In this relationship, however, it seemed that Madonna had for once met her match. Unlike her former lover Jean-Michel Basquiat, Benitez was as consumed with ambition as his girlfriend, each taking from and learning equally from the other. ‘We’re both very career-oriented, very goal-oriented,’ he has said. Although by nature a quiet, even shy, young man, his hunger for fame was every bit as great as Madonna’s, as was shown by his decision to hire his own publicist, David Salidor, when he landed a DJ job at the Funhouse. It was a shrewd move; Benitez was invited to those parties and meetings that would normally be closed to a DJ. Once again Madonna proved a quick study, quizzing Benitez’s publicist closely about the mechanics of dealing with the media. ‘She took that knowledge and applied it to her own career,’ Salidor observes.

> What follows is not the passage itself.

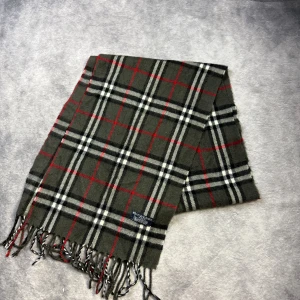 Rutig halsduk från Burberry i ull - Klassisk rutig halsduk från Burberry i mjuk ull. Färgerna är mörkgrön, svart, vit och röd med fransar i ändarna. Perfekt accessoar för att lyfta din outfit med en tidlös brittisk känsla.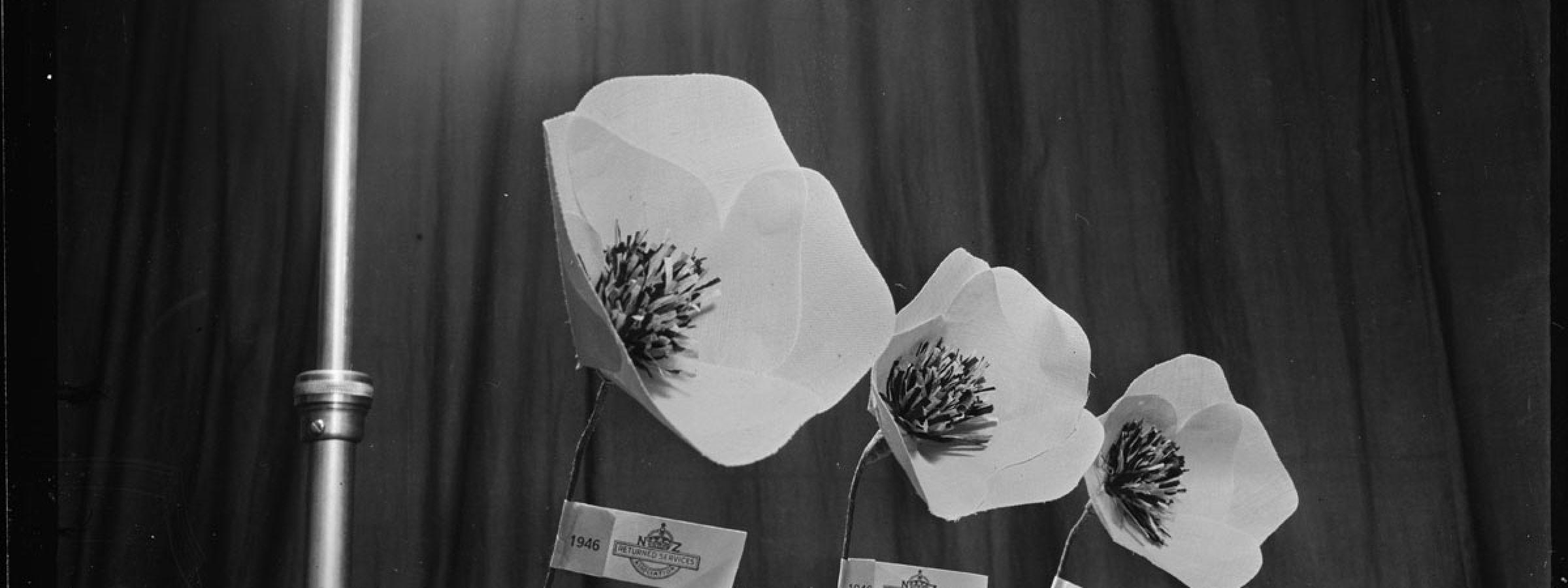 Artificial poppies for sale for Anzac Day photographed circa 23 April 1951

Just as Benitez had introduced Madonna to Bert Padell, so he was now instrumental in giving her a sense of the social and commercial possibilities open to her. He showed her how to manipulate and exploit the downtown scene in a way that was cool and hip. In short he conducted for her a daily seminar on how to be a star – or at least behave like a star. As she once acknowledged, ‘I always acted like a star long before I was one.’

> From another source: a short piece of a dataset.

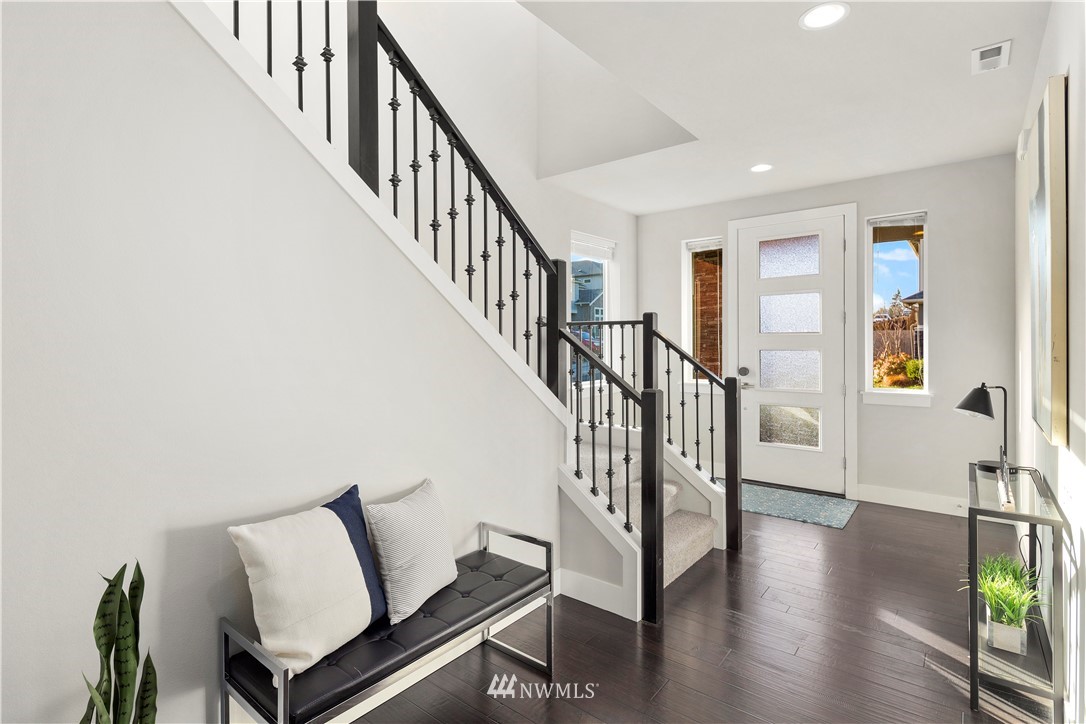 7 176th Place Southeast Bothell, WA 98012 - Photo 11 of 40 a view of entryway and hall with wooden floor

When they were not busy trying to add themselves to the stars glittering in the New York scene’s firmament, they would steal away to a cliff-top beach house in the Hamptons, which had been rented the year before by the actor John Belushi, not long before his tragic death from drugs. The party, usually comprising Jellybean, Madonna, her brother Christopher, the record producer Arthur Baker and his singer wife Tina, and session musician John Robie, would arrive in the early hours of Saturday morning after Benitez had finished his stint at the Funhouse. If they didn’t crash out they would go swimming, watch the sunrise and feed the ducks. Other friends would arrive and sleep out on the porch, and the whole group party all night. Cocaine and other drugs were in plentiful supply; Arthur Baker, then at the peak of his career with five records in the Top Twenty, remembers that they spent most of the time ‘totally off our faces.’ Everyone, that is, except Madonna. ‘I always got the impression that this wasn’t what she wanted to be doing,’ Baker adds. ‘Things were happening for her then. She wanted to be working.’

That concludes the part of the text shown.